Kei Kobayashi’s Paris restaurant is one of three new three-star restaurants

Man wearing chef’s coat stands behind counter in stainless steel kitchen.
Chef Kei Kobayashi
Photo by STEPHANE DE SAKUTIN/AFP via Getty Images

French tire-maker and restaurant quality arbiter Michelin has returned to home turf, releasing its 2020 stars for France. Early word this month that the flagship restaurant of the late Paul Bocuse would be downgraded in this year’s guide — falling from three to two stars after a record 55-year streak — rocked the culinary world, and may overshadow all other news from the 2020 guide. But today’s headline might also be that France has three brand new three-star restaurants, for a total of 29 in the 2020 guide versus 27 in the 2019 edition.

In total, there were 628 Michelin stars awarded in the 2020 guide — down from 632 in 2019 — with a slightly lower number of newcomers overall, at 63 versus last year’s record-setting 75.

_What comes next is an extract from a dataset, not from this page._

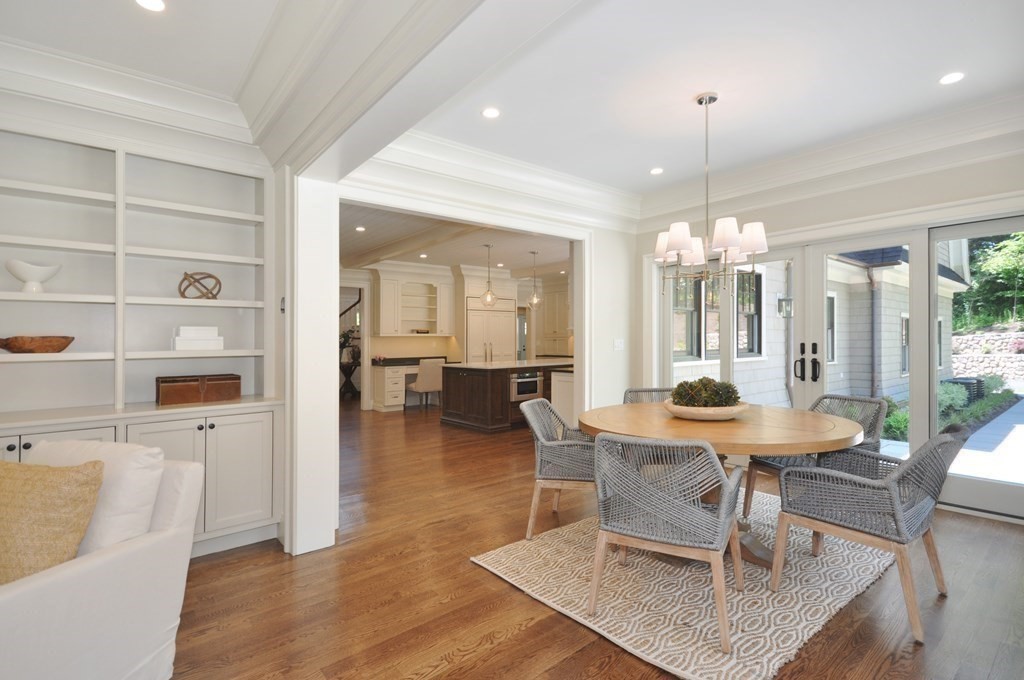 248 Nashawtuc Road Concord, MA 01742 - Photo 11 of 38 a view of a dining room with furniture and wooden floor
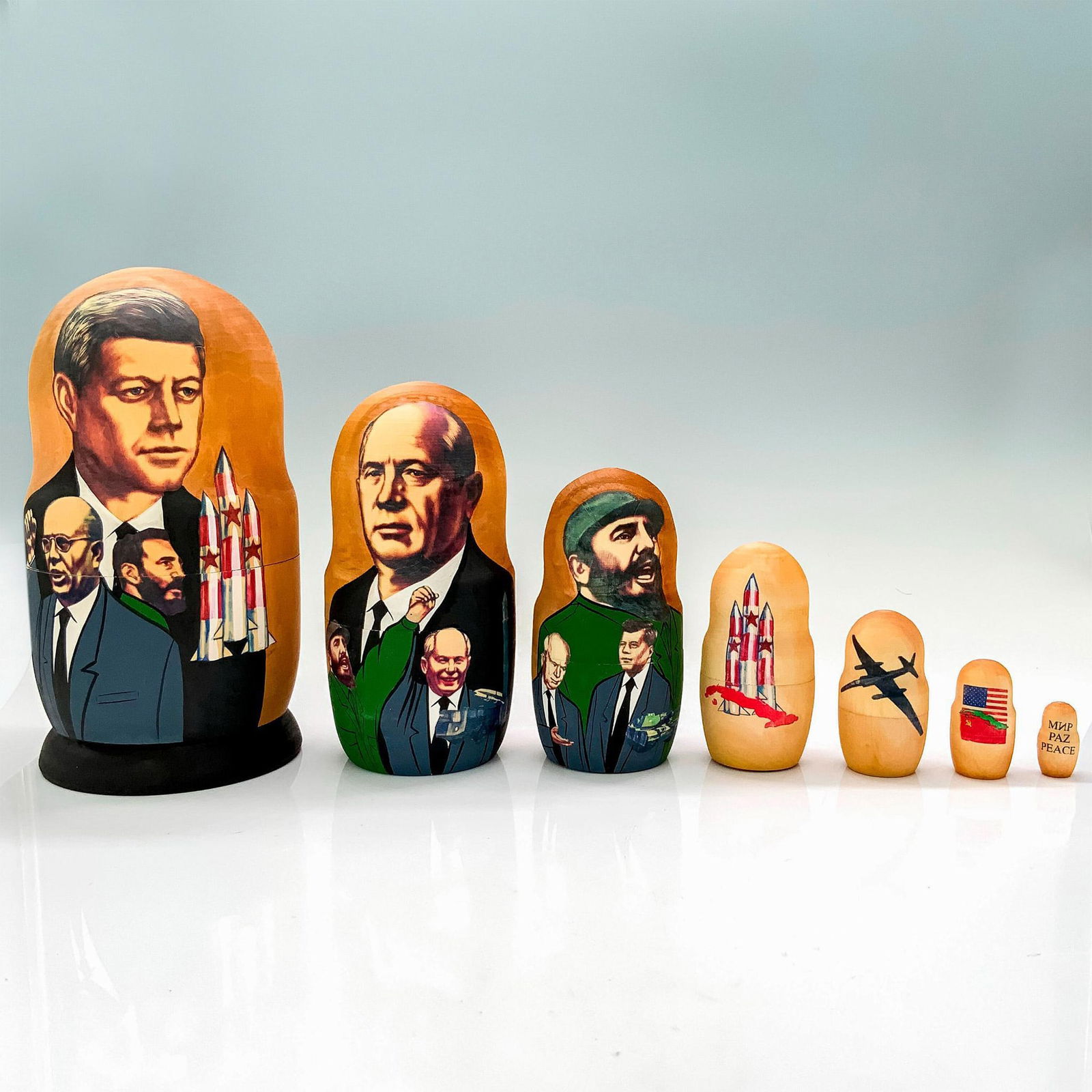 Nesting Dolls, John F Kennedy 1960's Motif: A set of 7 nesting dolls depicting the 1960's through figureheads and moments of that time. Dimensions of the largest nesting doll: 8"H x 4" dia. Dimensions: 8"H x 4" dia. Edition Number: 357/500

The new three-star club includes Paris restaurant Kei, where chef Kei Kobayashi, a student of Gilles Goujon and Alain Ducasse, “draws on the traditions of his native Japan to develop a resolutely modern and accomplished cuisine,” per the guide. With the designation, Kobayashi became the first Japanese chef to earn three Michelin stars in France. Also new to the three-star elite are L’Oustau de Baumanière in Provence, and the eponymous restaurant of Christopher Coutanceau in the coastal city of La Rochelle.

There were 11 new two-star restaurants in the 2020 guide, for a total of 86 two-star honorees. New to the group were restaurants including Sarkara, a gourmet dessert restaurant at a ski resort in the French Alps, and La Scène in Paris, where chef Stéphanie Le Quellec jumped straight to two stars, bypassing the first.

There were also 49 one-star newcomers for a total of 513. In Paris, there were 12 restaurants alone that earned a first star, including places like Japanese-influenced Le Rigmarole and refreshed classic Jules Verne in the Eiffel Tower.

Finally, there’s a new accolade to earn in the guide this year: Something that’s basically a Michelin leaf. It’s a green “pictogram” that looks like a Michelin star that wishes it were a clover, and it’s used to indicate restaurants that “have taken responsibility by preserving resources and embracing biodiversity, reducing food waste and reducing the consumption of non-renewable energy.”